Эви подняла ногу и оперлась на радиатор, с которого посыпалась ржавчина и лохмотья высохшей белой краски. Нос Эви оказался на одной линии с выцарапанным на стене призывом «прокатиться с ветерком по голубой дорожке».

Снаружи до Эви доносился усиленный электроникой голос: «Проба, раз, два… » И снова все слилось в треск радиопомех.

Дотянувшись до крошечного окошка, Эви соскребла ногтем кусочек краски в углу стекла. Сняв очки, она прильнула одним глазом к отверстию в краске.

Снаружи громкоговоритель наконец прохрипел: «Внимание. Вам дается пять минут, чтобы освободить заложников. Бросайте оружие и выходите наружу, дерзка руки над головой».

Эви заметила в кирпичной стене еще одно окошко. До него было примерно метра три. Эви посмотрела вниз — в переулке уже столпилась целая группа полицейских.

Да, черт возьми, слишком это быстро для Нью-Йорка. Что за дьявольщина тут происходит?

И что там они несут насчет заложников?

Эви была уверена лишь в одном — какой-то из ее звонков наверняка всполошил легавых. Однако среагировали они с невиданной для нью-йоркской полиции скоростью.

Если, конечно, все их подразделения не прибыли сюда заранее и, затаившись, только и ждали, когда-же Эви даст о себе знать. Эви в полном отчаянии уселась на радиатор. И только тогда заметила ряд писсуаров. Господи, она же ворвалась в мужской туалет.

У нее на решение проблем оставалось всего пять минут.

В туалет вбежала облезлая крыса, таща с собой вместительную сумку. «Крыс» поскользнулся на рвоте, едва не упал, и нырнул в кабину, так и не заметив Эви.

Он твердил одну и ту же фразу: «Провалиться вам на месте, легавые-пинки… »

Раздался какой-то шорох, и вслед за ним крыса спустила в унитазе воду.

Снаружи из полицейского громкоговорителя доносились привычные слова: «У вас осталось четыре минуты. Выходите наружу, подняв руки над головой».

«Если мне не изменяет чувство времени, — подумала Эви, — легавые надули меня на двадцать секунд. Наверно, у них спешат часы».

Эви достала из рюкзака «Мицубиси», моля всевышнего, чтобы ей не пришлось пустить в ход оружие.

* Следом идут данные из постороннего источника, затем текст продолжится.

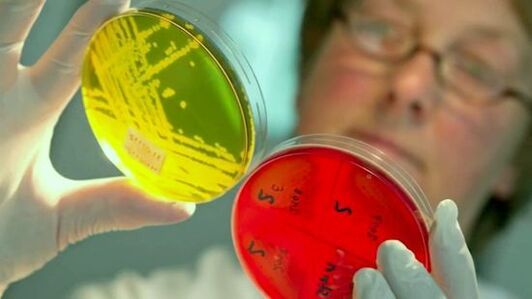 Estudio de pruebas para la detección de parásitos en el cuerpo humano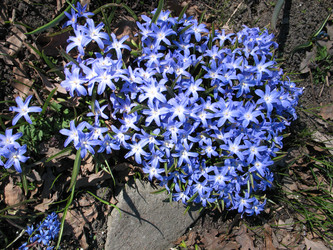 Similar image 1135636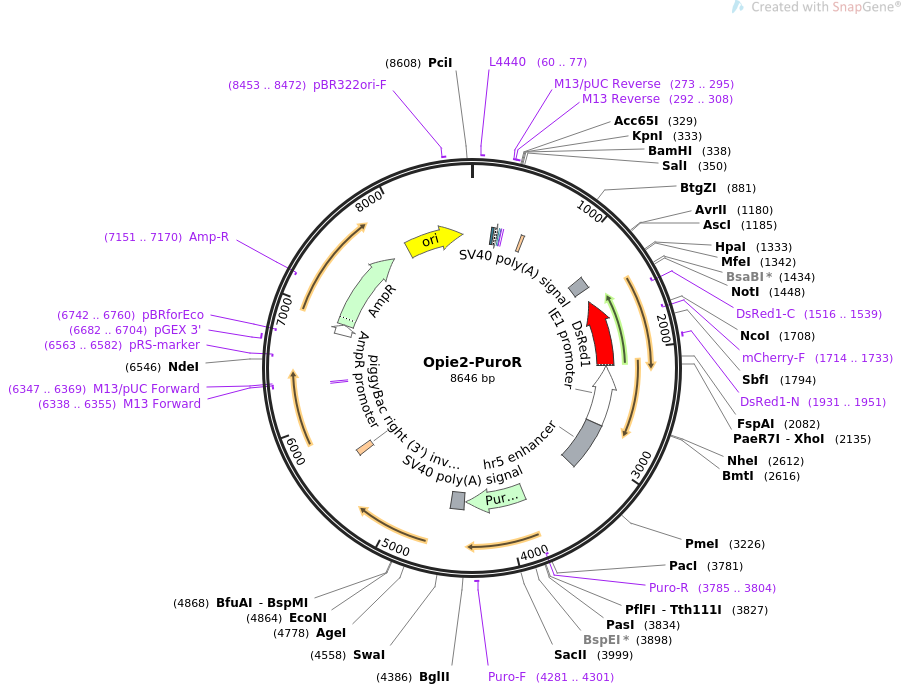 Opie2-PuroR载体图谱
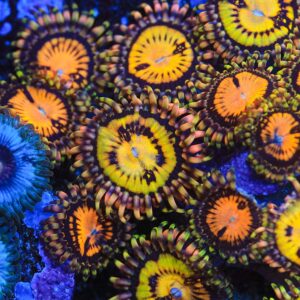 buttmuncher, zoa, paly, yellow zoa, BM zoa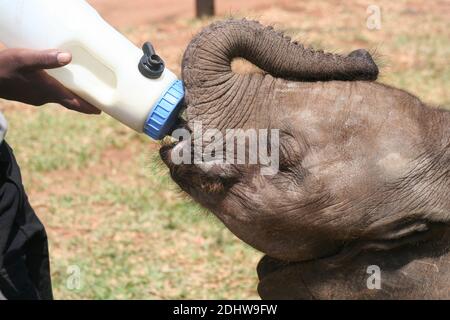 Orphaned elephant being fed by a keeper in an elephant orphanage by a dedicated keeper Stock Photo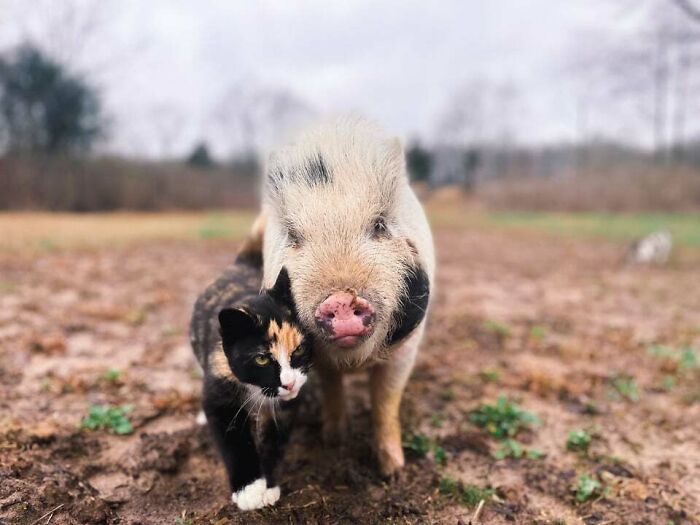 Farm Friends ️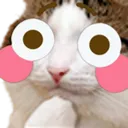flushedcat flushedcat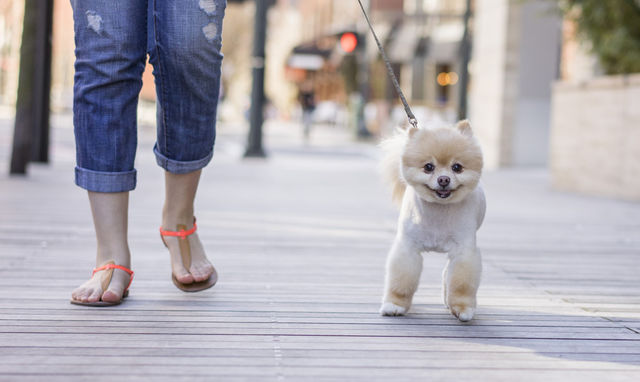 pomeranian dog walking 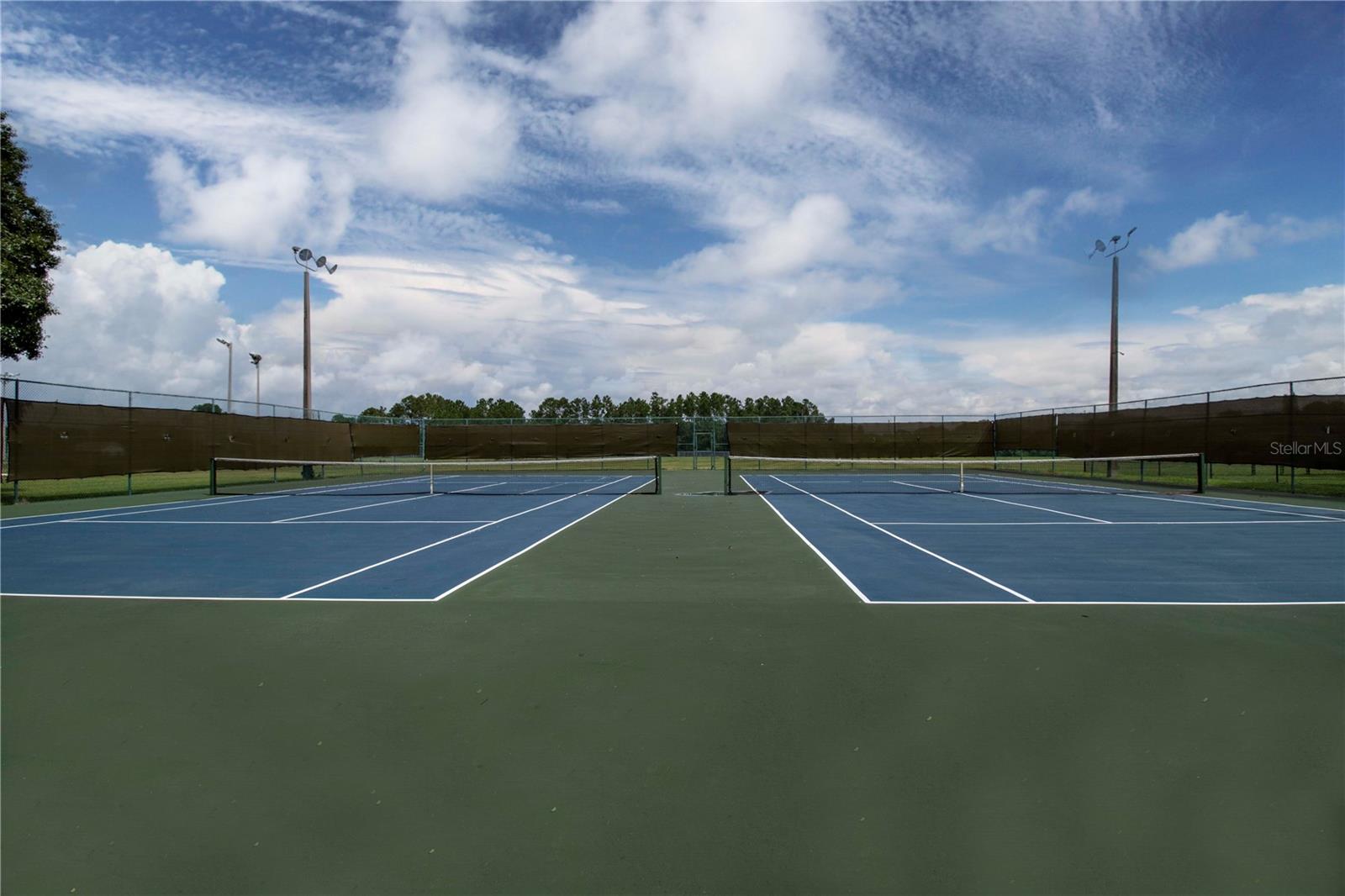 11330 VILLAS ON THE GREEN DR, RIVERVIEW, FL, 33579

Из кабинки появилась крыса, на этот раз уже без сумки. Заметив Эви, моро со стоном бросился ничком на пол.

— Только не стреляйте! Я несчастное безобидное существо. Никому не мешаю! Не стреляйте!

«Крыс» продолжал что-то бормотать себе под нос, распластавшись на заблеванном полу. Эви перешагнула через него, ощутив самую сильную концентрацию флаша, которую когда-либо встречала со дней Кливленда. Флаш, сильнейший галлюциноген, имел характерный запах гнилых вишен — такое ни с чем не спутаешь. Эви выскользнула из туалета, оставив «крыса» распростертым на полу. На мгновение ей пришла в голову мысль, что гнилые вишни — это лучший запах из тех, что можно встретить в туалете порнотеатра. И она почему-то беззвучно расхохоталась.